Le temps avait passé, cela faisait environ trois ans que j’étais partie ce mercredi, avec un peu de nourriture, un peu d’argent, un pull et un carnet à dessin. La nourriture et l’argent étaient partis, j’avais perdu le pull et je tenais le carnet à dessin entre mes mains. Je l’avais pris, mon totem, seul survivant de ma croisade, la seule chose que j’ai jamais chérie, jusque là. Je n’ai jamais pu oublier la sensation que procure le crayon sur le papier, cette impression de liberté. Je n’ai pas réfléchi, ce n’était pas nécessaire. J’ai dessiné le Jardin Extraordinaire.

« Innocente Lola, toute petite, debout au bout de la falaise, moitié ici, moitié ailleurs. On est jamais vraiment seul. Quoi qu’il arrive, on est toujours avec soi-même. Lola, le vide peut être bon, et tu le savais. Il m’a fallu tomber de la falaise pour le comprendre. Depuis ta balançoire de bois, tes yeux brillants où se reflète l’univers, lorsque tu te laissais aller dans le vent, tu savais. C’est lorsque l’on a connu le vide que l’on est capable d’apprécier pleinement chaque détail. Je suis remonté Lola, après tant d’effort, après tant de chute, j’ai réussi à escalader la falaise. J’y suis parvenue ainsi, en escaladant lentement, en m’accrochant aux brindilles qui me séparaient de toi. J’ai touché l’herbe, j’ai senti les fleurs et le vent, et j’ai enfin compris ton bonheur. Je te vois au loin, mais tu m’es désormais accessible. Je te hais, mais je t’aime de tout mon cœur. J’arrive Lola, j’arrive ».
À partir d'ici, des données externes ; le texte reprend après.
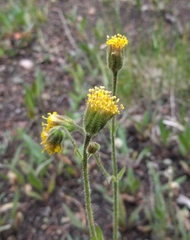 Arnica parryi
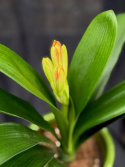 Clivia miniata - Mönjelilja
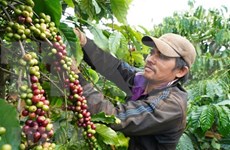 Exportaciones de café de Vietnam aumentan 5,4 por ciento hasta octubre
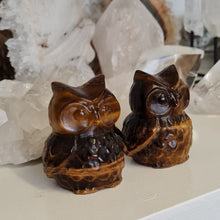 Load image into Gallery viewer, Tiger Eye Owl
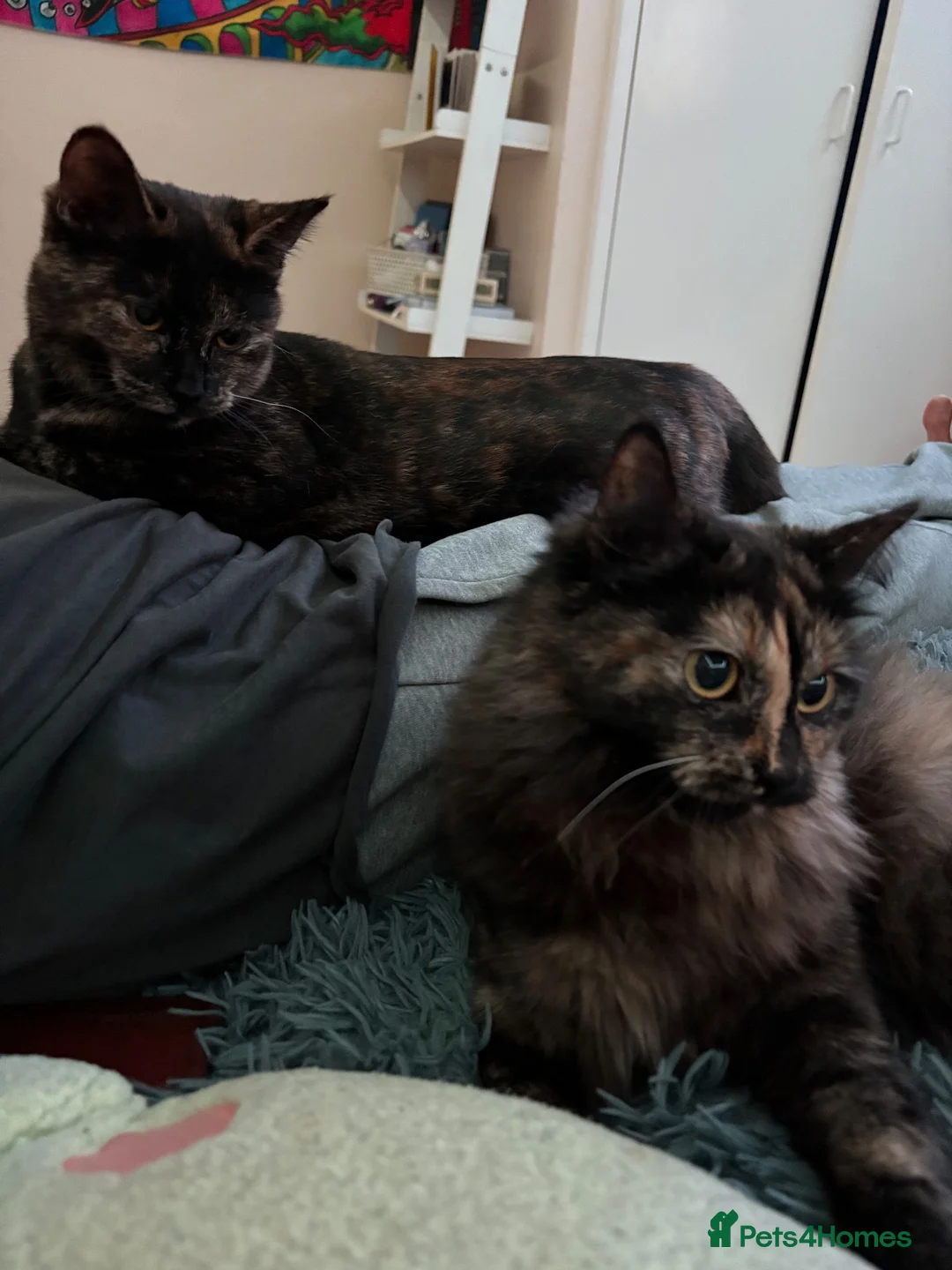 British Shorthair cats for sale: Two Female Cats for Rehome - Advert 1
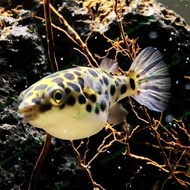 Ikan Buntal Jumbo Air Tawar / Ikan Fugu / Ikan Hias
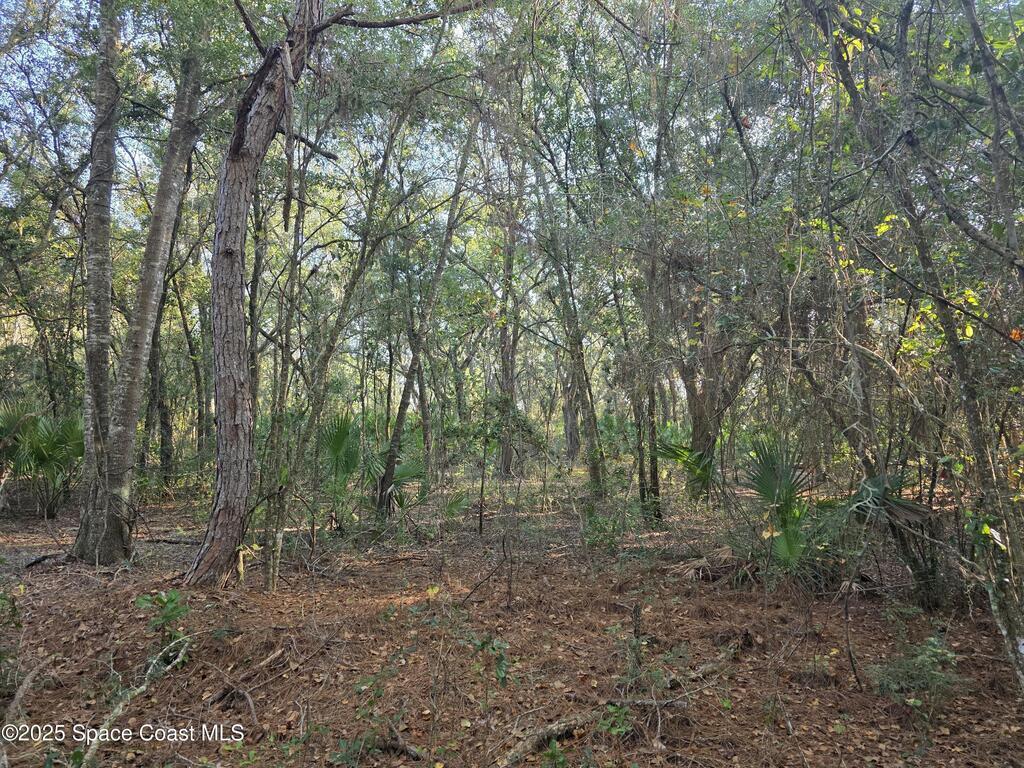 0000 Wood Duck Drive, Mims, FL 32754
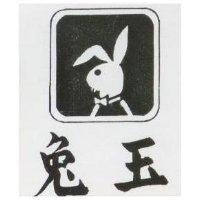 玉兔及圖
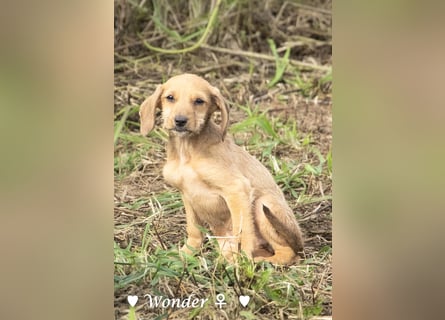 Wella, Wonder, Stevie und Summer suchen ein Zuhause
Seule, allongée sur mon lit dans une simple robe de coton, je pense. Je rie, je crois. Oui, je suis heureuse. Je regarde les ombres mouvantes jouer au plafond, et je me souviens. De tout. Sans le vouloir, j’ai gravé chaque instant dans ma chair. Il m’aura fallu du temps, mais j’ai fini par comprendre la vie. Elle n’est rien d’autre que ce que l’on décide d’en faire, après tout. Je sourie encore, et j’imagine ce petit bout qu’est Lola danser et applaudir parce que je suis enfin là, un peu sale, un peu égratignée, mais là quand même. Les étoiles brillent et illuminent les murs, à travers la fenêtre ouverte. Il fait chaud ce soir. Je me suis levée et soudain, je l’ai vue. Le fantôme d’un passé depuis trop longtemps oublié. Elle était là, si simple dans sa petite robe blanche avec ses boucles de jais cascadant sur ses épaules, et ses yeux brillants. Je voyais son visage qui me souriait, de ce sourire si parfait que je n’ai jamais pu oublier, à travers le verre poli illuminé par les étoiles. J’ai regardé Lola, et c’était moi.